The New York Times buried the big, post-San Bernardino news about the public’s attitude towards more federal gun-control:

What has shifted notably are attitudes on gun control. Only 44 percent of Americans favor a ban on assault weapons, 19 percentage points lower than after the mass shooting in Tucson in 2011. And while 51 percent favor stricter gun control in general, that is down from 58 percent in October.

To be precise, that is a seven point drop, or a loss of one-eighth in support, since October, on an issue that President Barack Obama considers to be critical.

Ten percent of respondents said, “Laws covering the sale of guns should be made… less strict,” and 36 percent said the laws should be “kept as they are now.”

The public’s current opinion is almost exactly the same as in June 2013, despite Obama’s continued effort to stigmatize and restrict gun-ownership.

The NYT report buried that shocking drop in support for gun-control in the second-last paragraph of a 25-paragraph story about the survey, which also showed Donald Trump at 35 percent support among GOP supporters.

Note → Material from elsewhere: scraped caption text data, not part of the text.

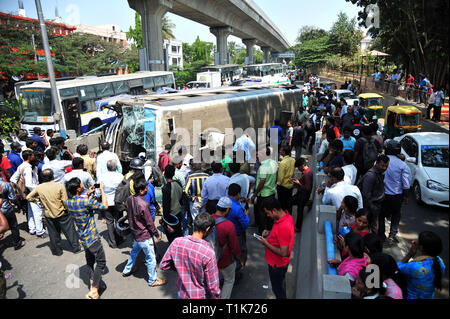 Bangalore, India. 27 Mar, 2019. Le persone si radunano attorno ad un bus rovesciato in Bangalore, India, Marzo 27, 2019. Più di venti persone sono stati feriti quando un autobus rovesciata come essa è stata scalata di un cavalcavia a Bangalore. Credito: Stringer/Xinhua/Alamy Live News Foto Stock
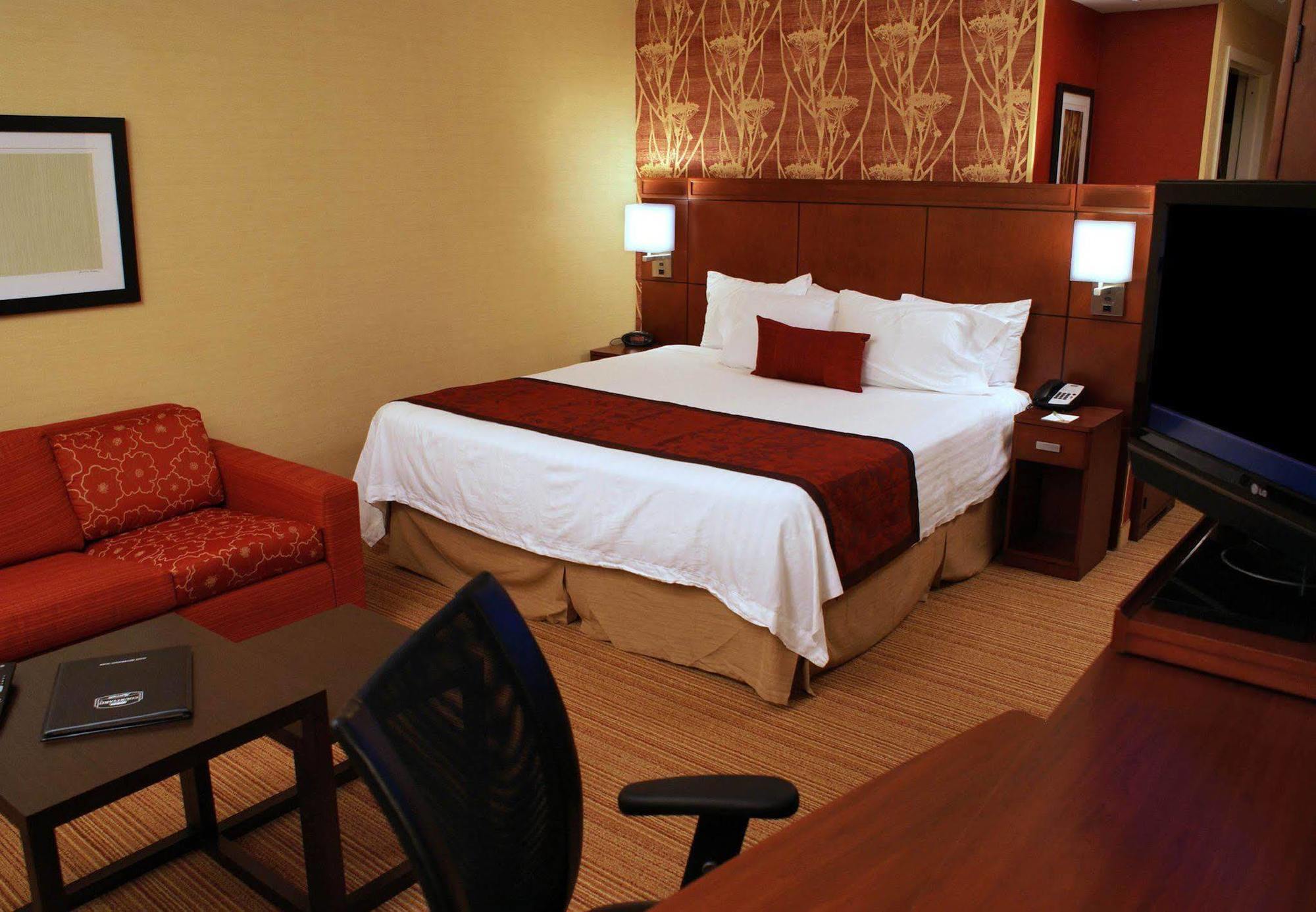 Courtyard Lima Hotel Exterior photo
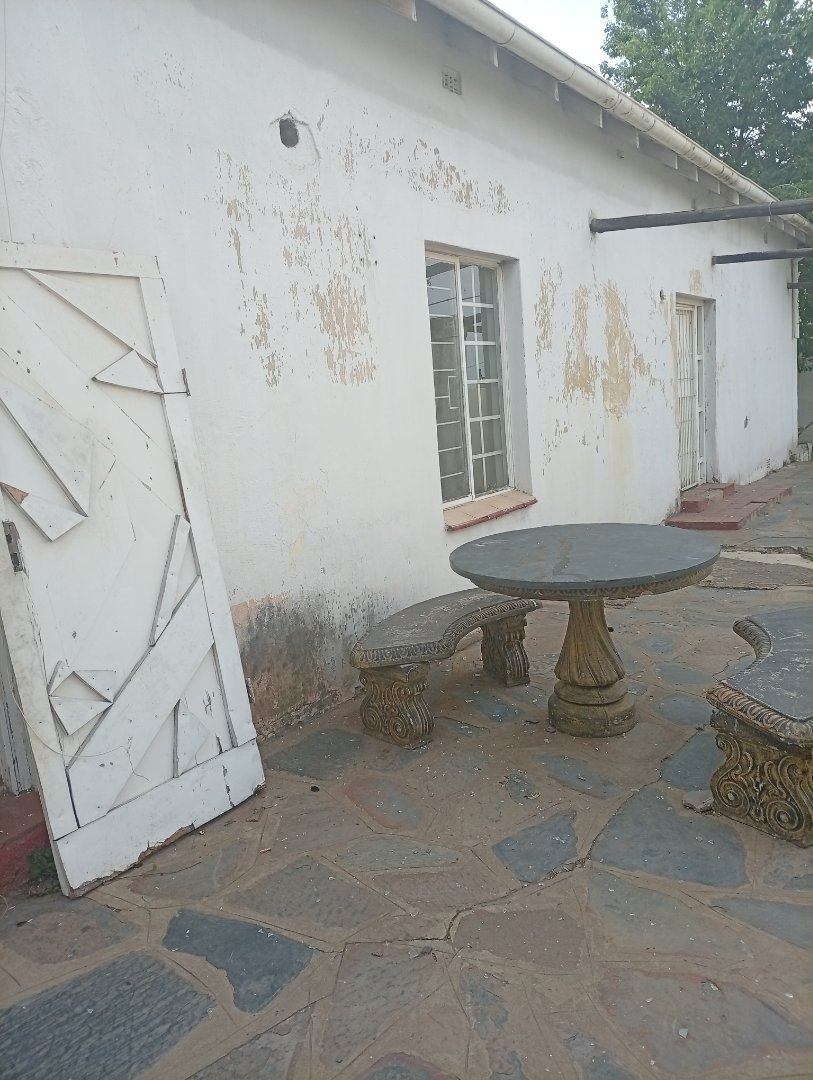 9 Bedroom Property for Sale in Brixton Gauteng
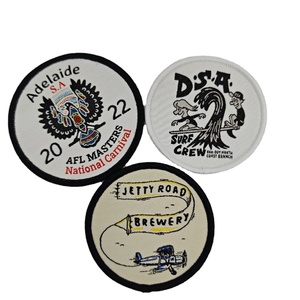 Écussons tissés personnalisés avec logo pour vestes et vêtements, motifs alphabet/fleurs, écologiques, à coudre, fabriqués au Pakistan, MOQ 50 pièces - Product Image 1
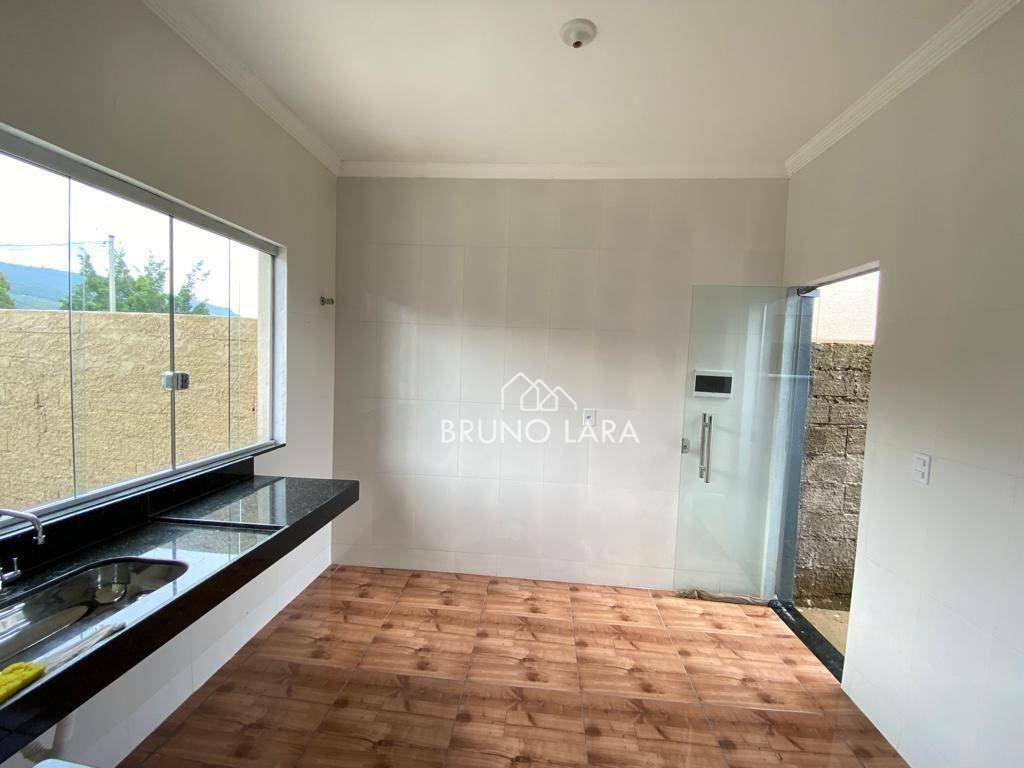 Casa à venda com 2 quartos, 60m² - Foto 10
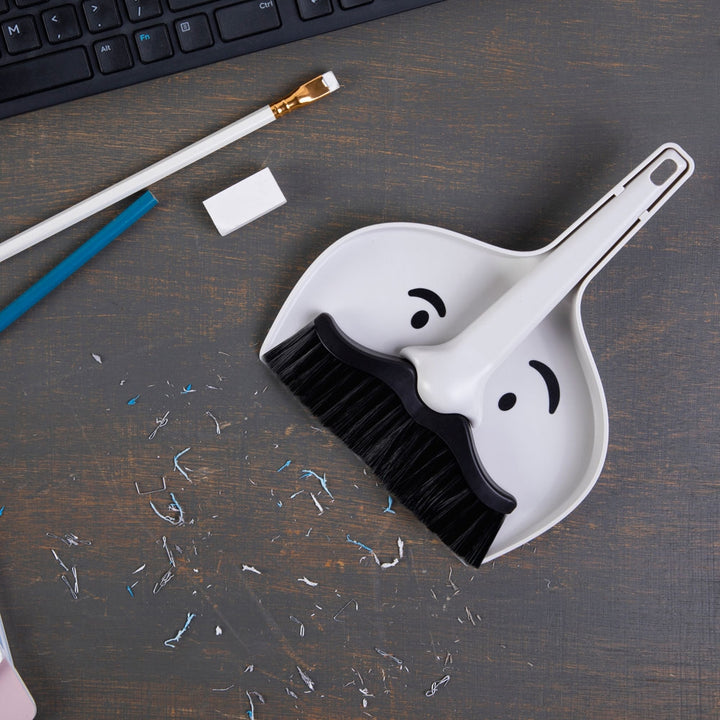Moustache Man Dustpan & Brush Additional 4
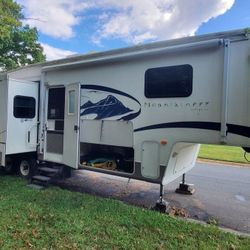 2008 Keystone 32' 5th Wheel RV Camper 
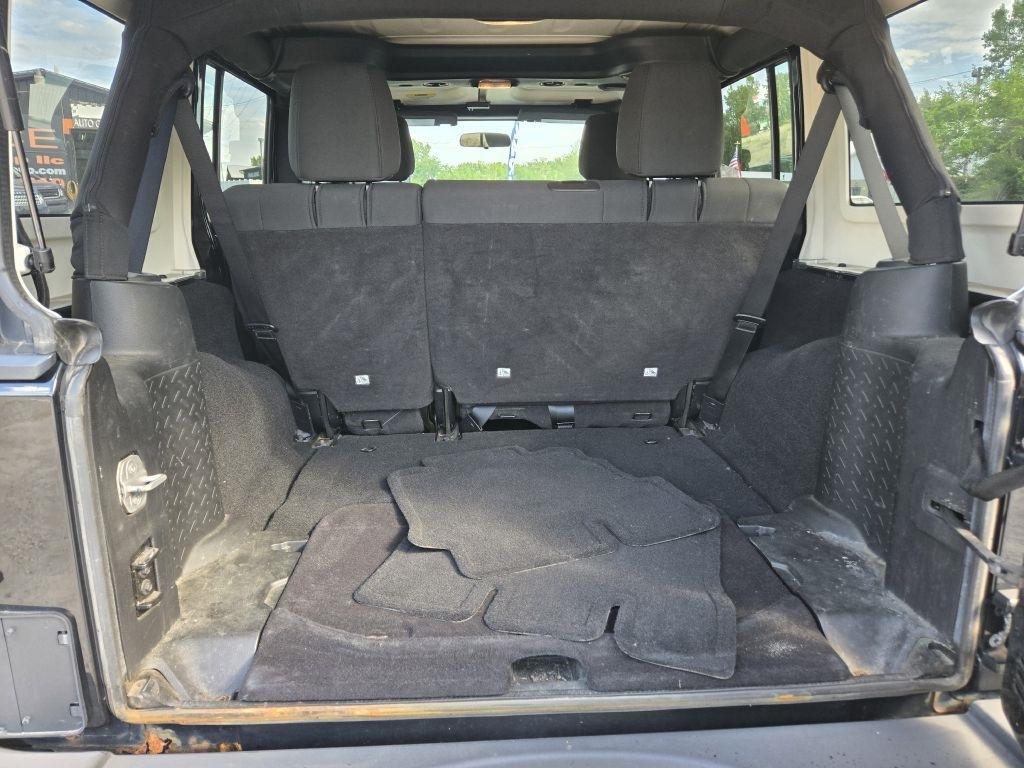 Jeep Wrangler Unlimited Sport 4WD 2012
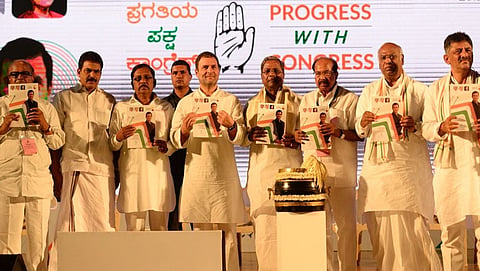 ರಾಹುಲ್ ಗಾಂಧಿಯಿಂದ ಪ್ರಣಾಳಿಕೆ ಬಿಡುಗಡೆಯ ಚಿತ್ರ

That high support for Trump was buried in the 15th paragraph of the article.

The full survey can be viewed here.

The article suggests uncontrolled emotion among GOP voters is an explanation for the drop in support for gun-control and for Trump’s lead. “Many Republicans are filled with both fury and fear, and it is Mr. Trump who is most effectively tapping into these boiling anxieties,” it said.

The survey was nearly finished on Monday, prior to Trump announcing his temporary pause in Muslim immigration until the federal government gets an accurate understanding of the jihad threat.

The CBS/NYT “nationwide telephone poll was conducted Dec. 4 to 8 on cellphones and landlines with 1,275 adults, including 431 Republican primary voters and 384 Democratic primary voters. The margin of sampling error is plus or minus three percentage points for all adults, six percentage points for Republican primary voters and six percentage points for Democratic primary voters,” according to the Times.